Making my ideas work with the points I had required getting somewhat creative. First I bought a Class I Combat Walkers for three hundred points, then I started min-maxing for affordability. Maneuverability? Toss it. Armor? Frontal is good enough. Sensors? They aren’t going to be detecting any Model Twenty-Ones anyway, so forget about them. Air conditioning? Boone is heading into fall anyway; the pilots can deal with it.

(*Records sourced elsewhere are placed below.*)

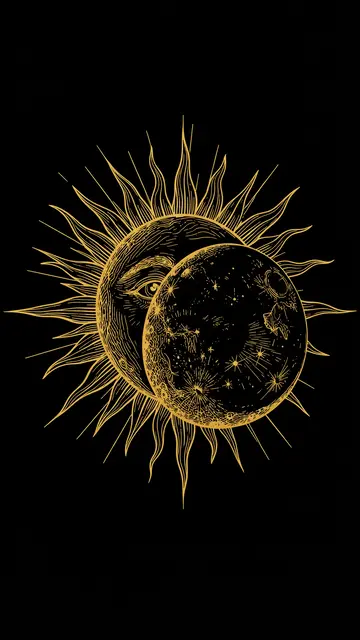 Gold line art of an overlapping sun and moon on a solid black vertical background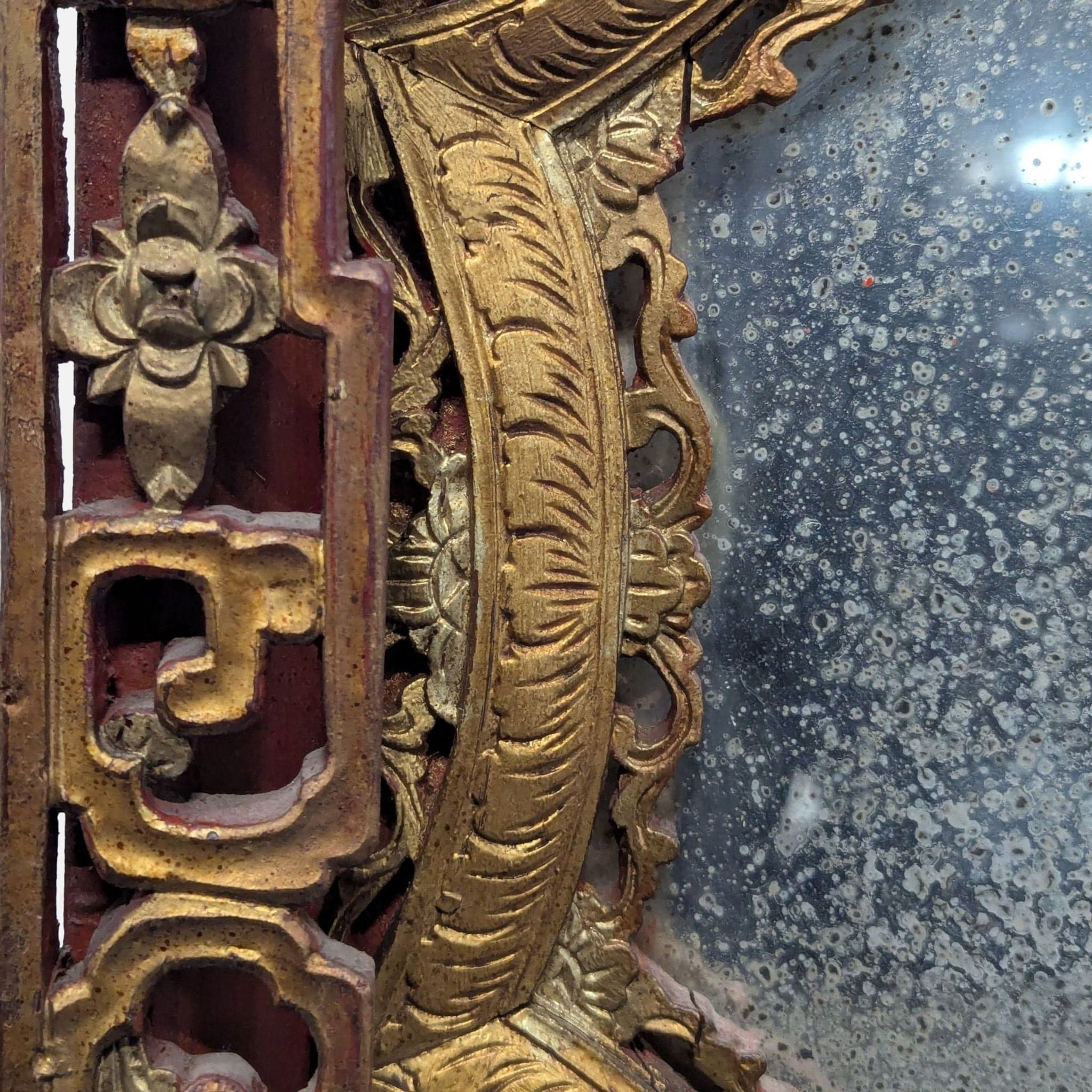 Antique Chinese Panel with Mirror - Thumbnail 4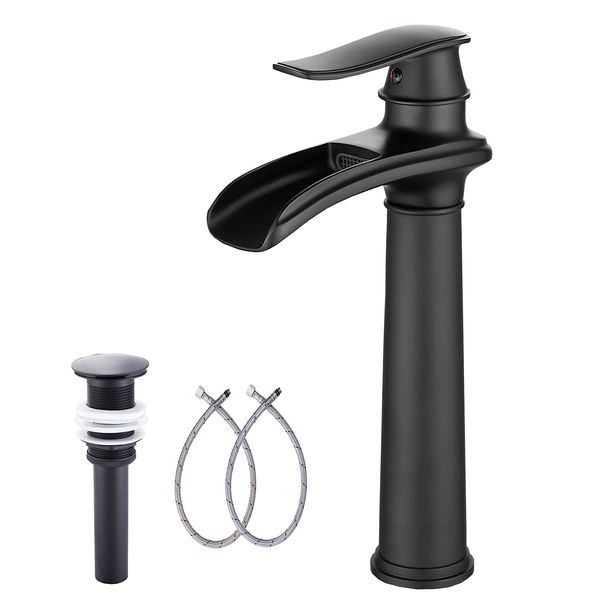 Black Bathroom Faucet GGStudy Single Handle 1 Hole Farmhouse Waterfall Bathroom Vessel Sink Faucet Matte Black Matching with Pop Up Drain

Everything I cut reduced the price and increased the number of vehicles I could buy before cutting into the funds I had to save for terraforming equipment. What I had settled on was eight small walkers equipped for killing low-numbered models in droves, which could be spread out over the length of the wall, and four larger ones with massive railguns capable of killing Fourteens in a single shot and, according to Juny, Twenty-Threes if they massed fire.

Alana’s tanks could do the same thing, so why bother with the walkers? Well, Alana’s tanks needed Class I shells, and we were expecting an increase in the number of models needing the attention of our heavy units. The large walkers just needed a ferrous-metal slug. Nothing fancy; the Samurai tech stuff was all in the gun itself. They would also be able to fire more quickly, and since they had legs, they could crouch to take cover behind the walls.

The smaller walkers were modeled after GDI Wolverines, but they diverged quite a bit because of a few tactical considerations. If I’d made them to spec they would have been twice as tall as an infantryman and unable to make much use of cover, so I’d made their legs a heck of a lot stubbier, barely long enough to even walk, so that their tops would only peak above the battlements slightly. The arms were shorter as well, which placed the guns mounted on them closer to the top, peaking out over the walls.

And while the originals had mounted gatling guns, these were equipped with rapid-firing plasma cannons, which would be deadly against single-digit models and chew through even double-digits with concentrated fire. Most important was that they didn’t need ammunition, as they were fed directly by the walker’s power plant. In the end what I had were walking coffins on stubby legs, missing most of their yellow armor and with their guns protruding directly from the shoulders. Frankly, they looked ridiculous.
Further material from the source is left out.